- Arthur Darvill as Rory Williams
- First appearance: "The Eleventh Hour" (2010)
- Last appearance: "The Angels Take Manhattan" (2012)
- Created by: Steven Moffat
- Portrayed by: Arthur Darvill Ezekiel Wigglesworth (young)
- Duration: 2010–2012

In-universe information
- Full name: Rory Arthur Williams
- Nicknames: Rory the Roman, "The Nose"
- Gender: Male
- Title: The Last Centurion (The Lone Centurion)
- Occupation: Nurse
- Affiliation: Eleventh Doctor
- Family: Brian Williams (father)
- Spouse: Amy Pond
- Children: Melody Pond/River Song (daughter); Anthony Williams (adoptive son);
- Relatives: The Doctor (child-in-law)
- Origin: Gloucestershire, England
- Home era: Early 21st century

= Rory Williams =

Fictional character from Doctor Who

Rory Arthur Williams is a fictional character portrayed by Arthur Darvill in the BBC science fiction television series Doctor Who. Introduced in series 5, Rory joins the Eleventh Doctor (Matt Smith) as a companion a few episodes later intermittently, consolidating his place as a full companion in Series 6. As fellow companion Amy Pond's (Karen Gillan) fiancé, Rory is initially insecure because he believes Amy secretly loves the Doctor more. Later, however, he proves to be a hero in his own right and he and Amy get married. The couple conceive a daughter aboard the Doctor's time machine, the TARDIS, while in the time vortex, but their baby is kidnapped at birth. In "A Good Man Goes to War", Rory and Amy discover their time traveller friend River Song (Alex Kingston) is actually their daughter, Melody Pond. The Doctor and River marry in "The Wedding of River Song", and Rory becomes the Doctor's father-in-law.
In "The Angels Take Manhattan", the fifth episode of the seventh series, he and Amy are transported back in time by a Weeping Angel, leading to the couple's departure from the series.

==Appearances==
===Television===
Rory is introduced in "The Eleventh Hour" (2010) as a nurse in a coma ward and the "sort of boyfriend" of new companion Amelia Pond (Karen Gillan). He is shocked to meet Amy's 'imaginary' "Raggedy Doctor" - the Eleventh Doctor (Matt Smith), whom he instantly recognises from Amy's childhood stories. Two years later, Amy absconds on the eve of their wedding to travel with the Doctor, whom, at the end of an initial travelling period, she tries to seduce. In response, the Doctor takes Amy and Rory to 1580s Venice to repair and strengthen the couple's relationship; at the end of the episode Rory joins them as a travelling companion. In "Amy's Choice", in a shared realistic dream where he is a doctor married to a pregnant Amy, he tells her with his dying breath to look after their baby, which causes Amy to realise how much she loves him. Rory travels with the Doctor and Amy until mid-series when, in "Cold Blood", he is shot dead by a Silurian after saving the Doctor and then absorbed by a crack in time and space, erasing him from existence and from Amy's memory.

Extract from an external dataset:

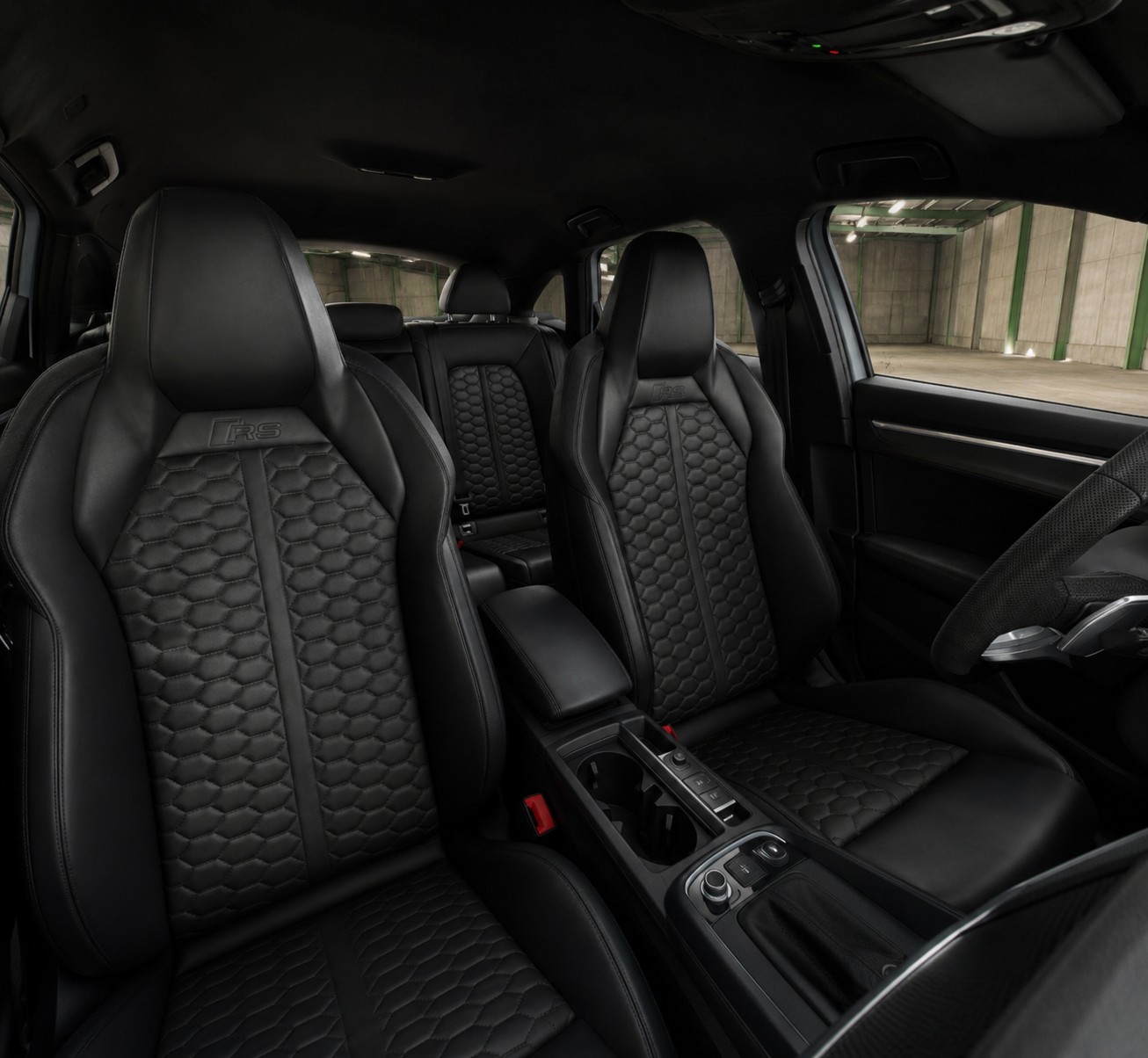 AUDI 2.5 TFSI quattro S-Tronic-image-4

He next appears in "The Pandorica Opens", as a Roman soldier in 102 C.E., but is revealed to be an Auton with Rory's memories. Rory attempts to fight his Auton programming, but unwillingly shoots Amy. In the Series 5 finale episode, "The Big Bang", the duplicate Rory preserves Amy in stasis using a futuristic prison called the Pandorica, voluntarily watching over her for almost two millennia. He becomes known as "The Last Centurion", guarding the Pandorica wherever it is taken. The Auton Rory assists the Doctor, Amy, and River Song (Alex Kingston) in saving the universe from the explosion that caused the cracks in time. Restored to his original human timeline but still possessing memories of his Auton existence, Rory marries Amy. The couple continue traveling with the Doctor, who allows them a honeymoon. They are said to still be on their honeymoon in both The Sarah Jane Adventures serial Death of the Doctor and the Christmas special "A Christmas Carol".

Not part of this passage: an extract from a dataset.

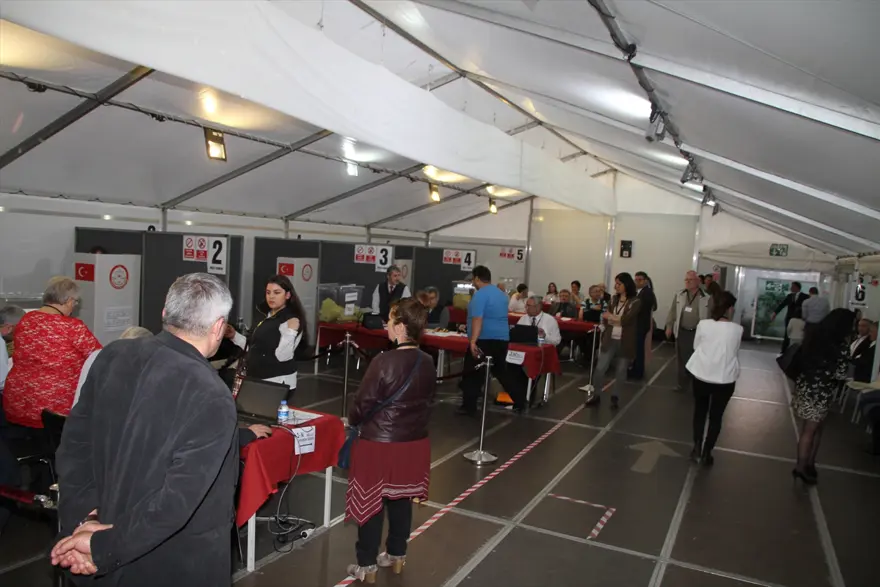 Yurt dışında oy verme işlemi sona erdi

Series 6 premiere "The Impossible Astronaut" (2011) begins with Amy and Rory living back on Earth when they are contacted by the Doctor, via a letter, to meet him in America. In Utah they witness the Doctor dying in his relative future at the hands of a mysterious assassin. In "The Almost People," it's revealed Amy has been kidnapped and replaced with a Ganger – a duplicate animated by the real Amy's consciousness – which the Doctor disintegrates upon deducing the situation, just as the real Amy goes into labour on a secret asteroid base called "Demon's Run". Amy gives birth to their daughter, Melody Pond, between "The Almost People" and "A Good Man Goes To War"; Madame Kovarian (Frances Barber) and the Silence plan to raise her as a weapon against the Doctor because she has been born with Time Lord-like abilities. Rory, dressed in his centurion armor, faces down a space fleet of Cybermen to learn Amy's location, and assists the Doctor in assembling an army to rescue her. Though Amy and Rory are distressed they were unable to save Melody from being kidnapped by Madam Kovarian, River appears at the episode's climax and reveals to Amy and Rory that she is their daughter, Melody. "Let's Kill Hitler" begins by revealing that Melody went on to become Amy and Rory's childhood friend, Mels, so that she might one day meet and kill the Doctor. As Amy had initially assumed Rory was gay due to his lack of interest in other women, a teenage Mels (Nina Toussaint-White) had been the one to inform Amy of Rory's affections. On 21st century Earth, Mels hijacks the TARDIS and directs it to 1938, where she is shot by Hitler (Albert Welling) and regenerates into River Song. They learn she is the assailant they saw kill the Doctor in his future. At the episode's conclusion, they decide to let the adult River make her own way in life and continue their travels.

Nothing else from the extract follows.